Work order
In the records below, find the line containing "Used 2019 Jaguar F-PACE Prestige image 43" and the line containing "学生乙组女子4X400接力赛决赛2.jpg". Give again exactly those lines and every line between them, omitting the pictures.

Data extract
+++
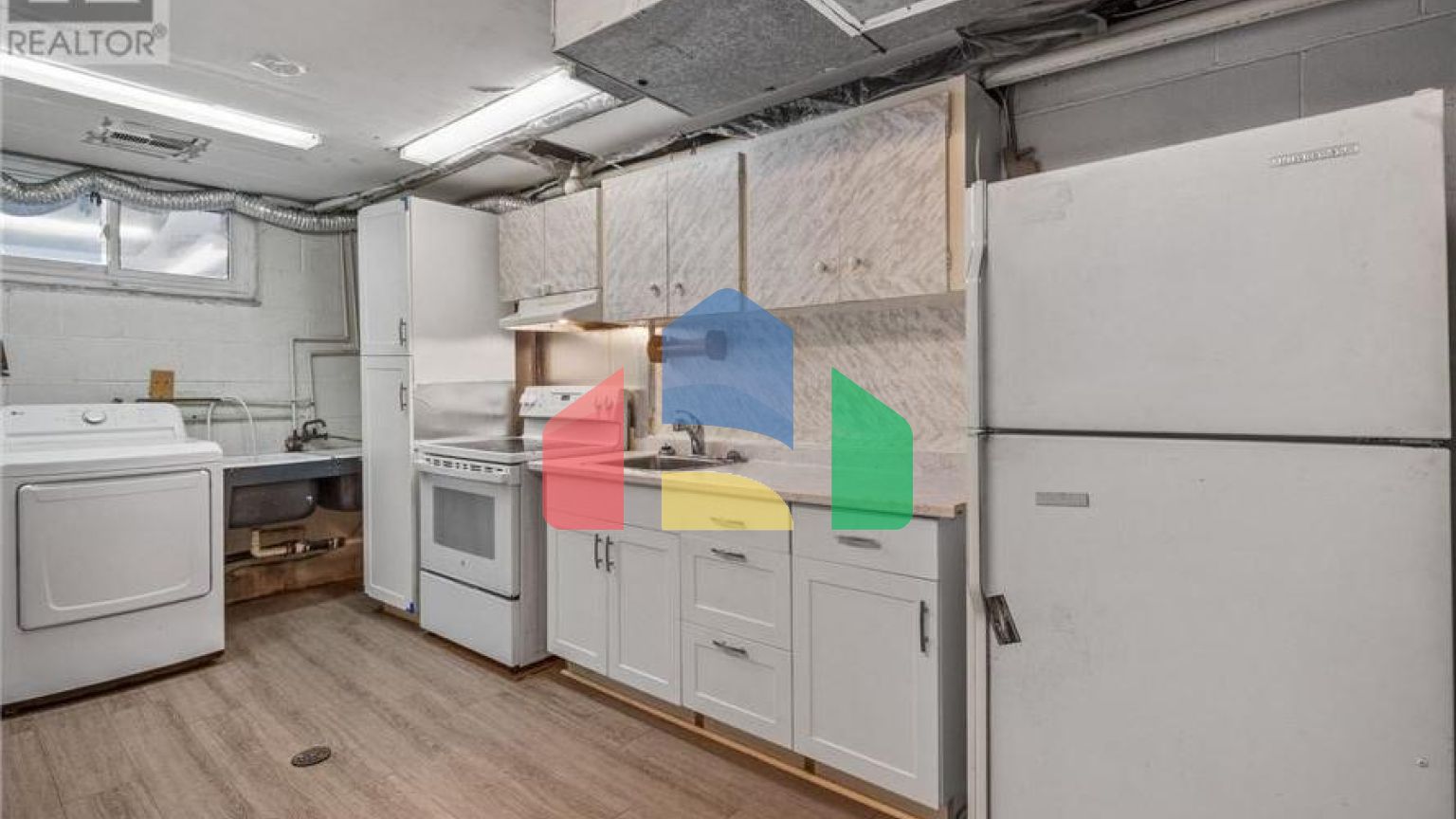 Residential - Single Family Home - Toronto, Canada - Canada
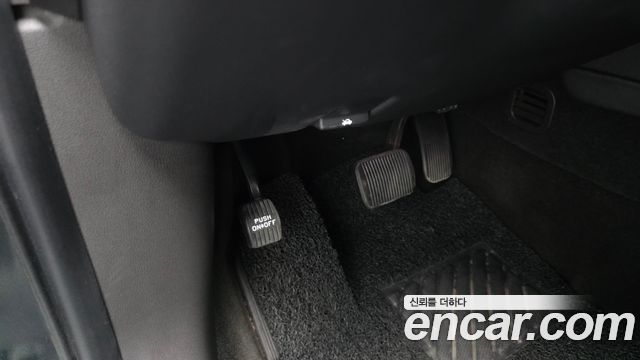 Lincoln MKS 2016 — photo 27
+++
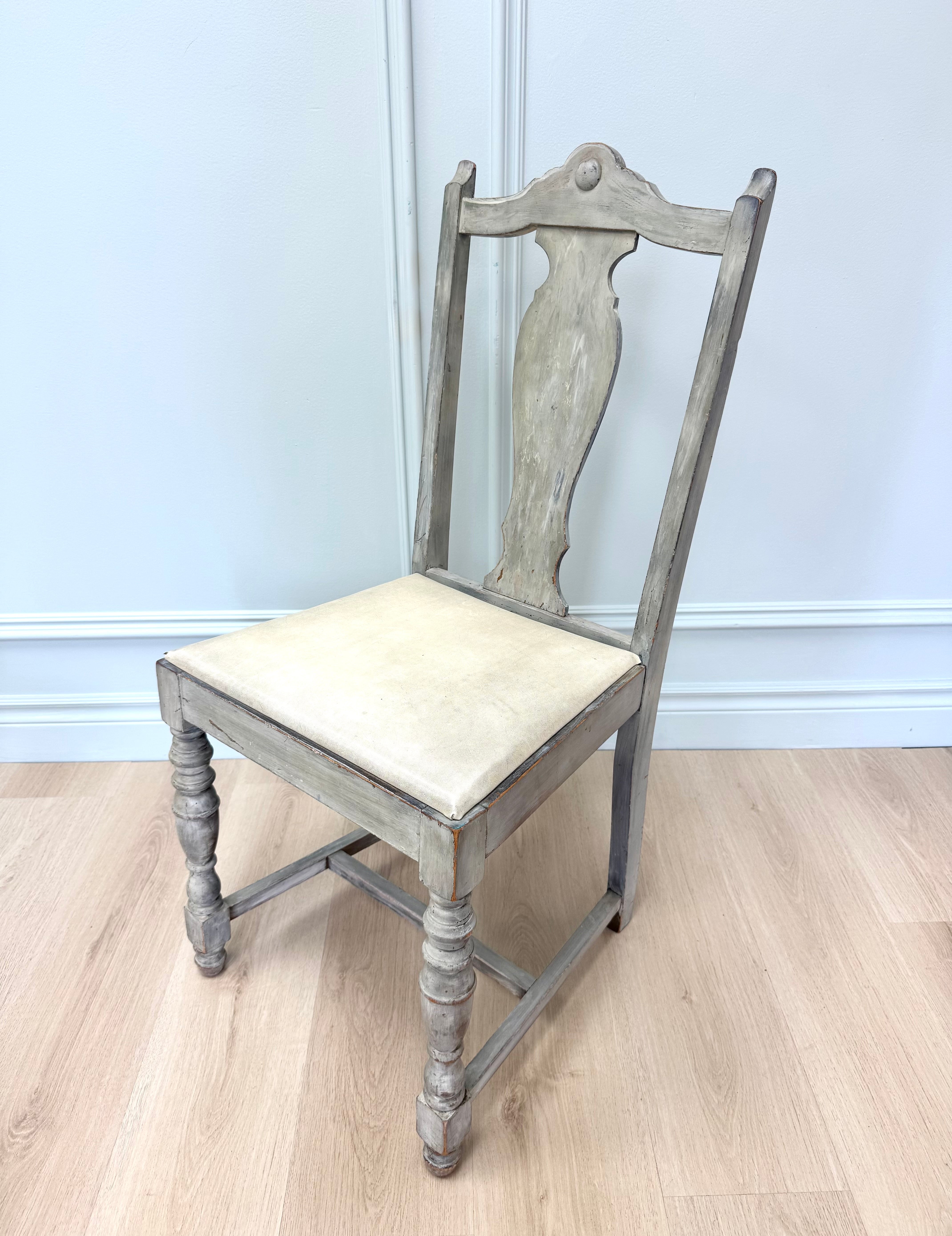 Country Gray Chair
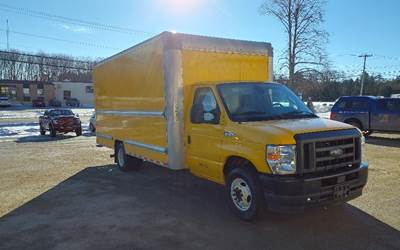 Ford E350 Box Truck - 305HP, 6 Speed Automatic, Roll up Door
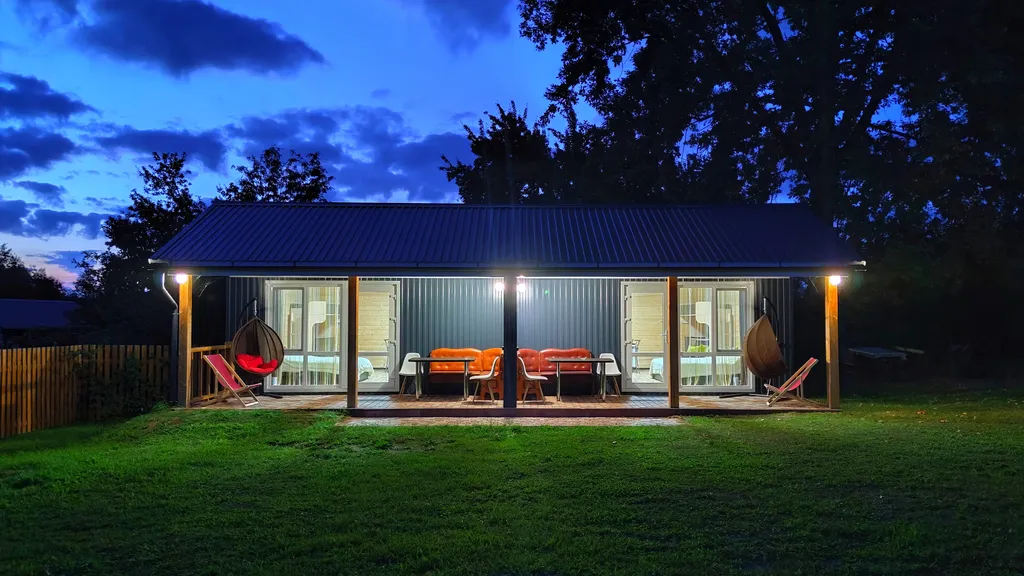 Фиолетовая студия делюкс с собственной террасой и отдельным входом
+++
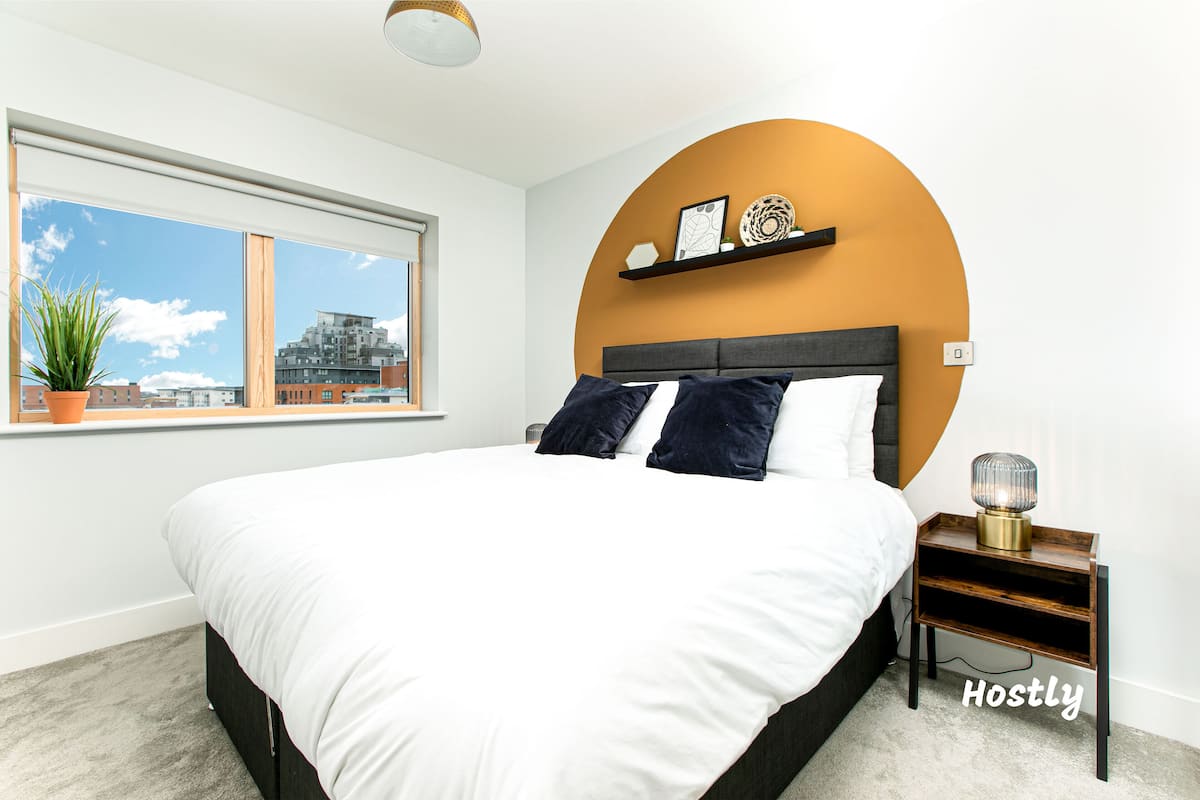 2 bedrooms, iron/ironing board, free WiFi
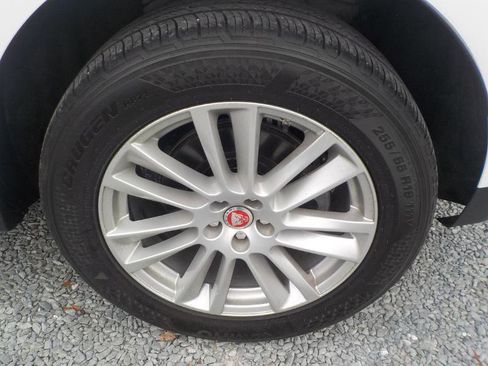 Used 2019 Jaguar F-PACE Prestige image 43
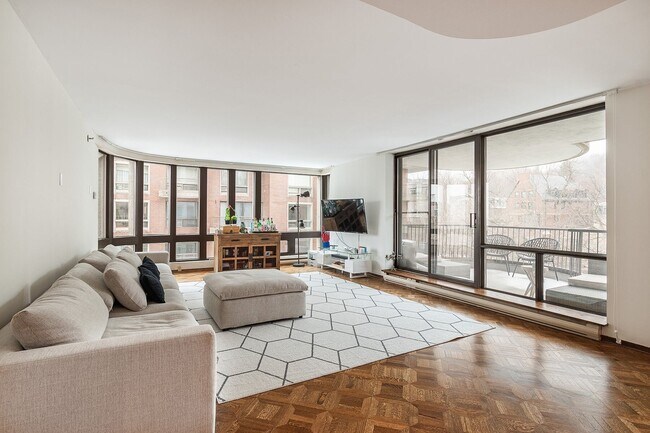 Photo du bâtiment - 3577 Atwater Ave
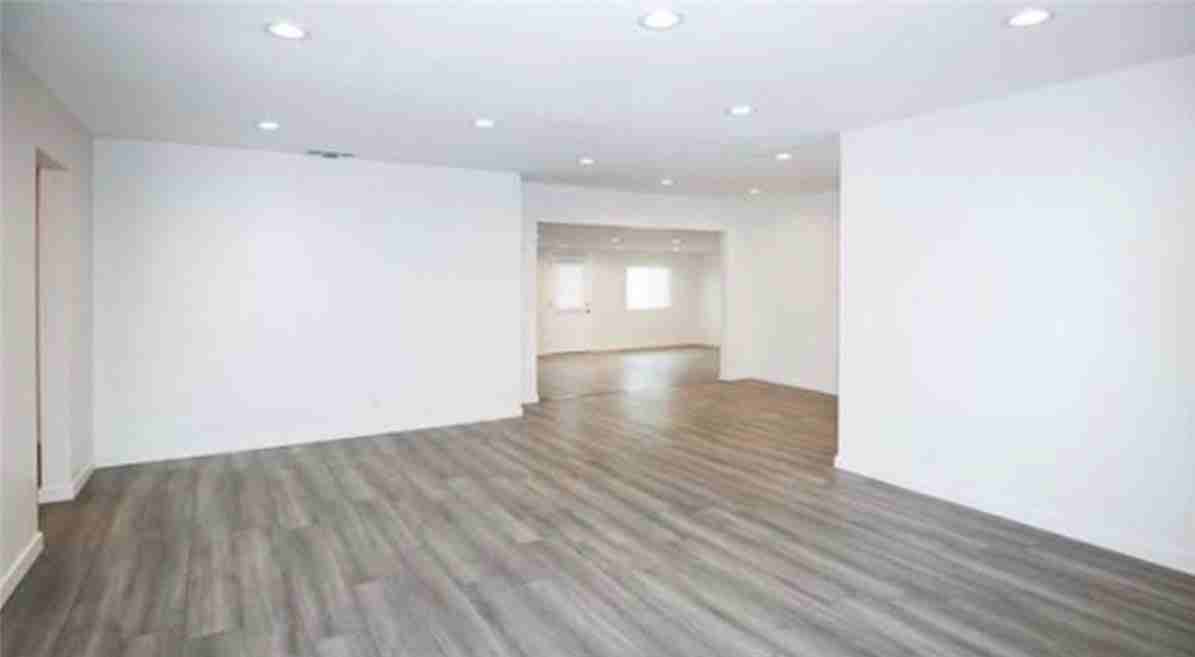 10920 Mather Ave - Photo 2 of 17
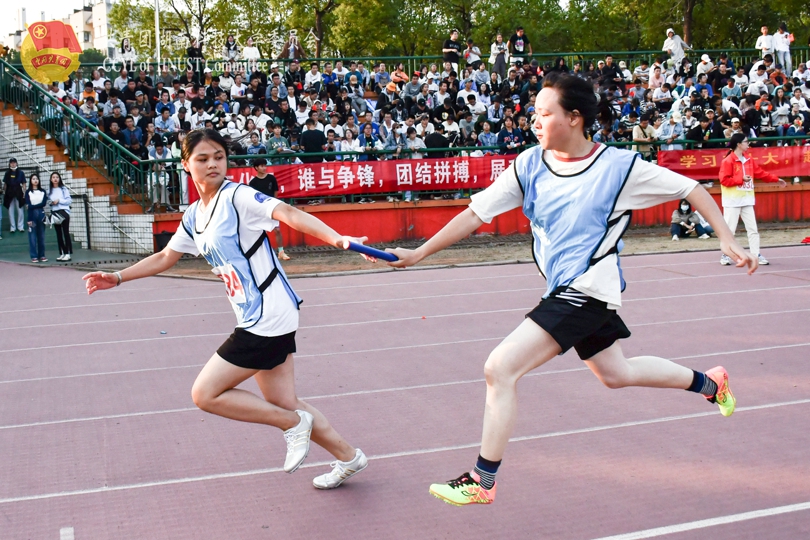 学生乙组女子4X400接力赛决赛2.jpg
+++
Answer area
 Used 2019 Jaguar F-PACE Prestige image 43
 Photo du bâtiment - 3577 Atwater Ave
 10920 Mather Ave - Photo 2 of 17
 学生乙组女子4X400接力赛决赛2.jpg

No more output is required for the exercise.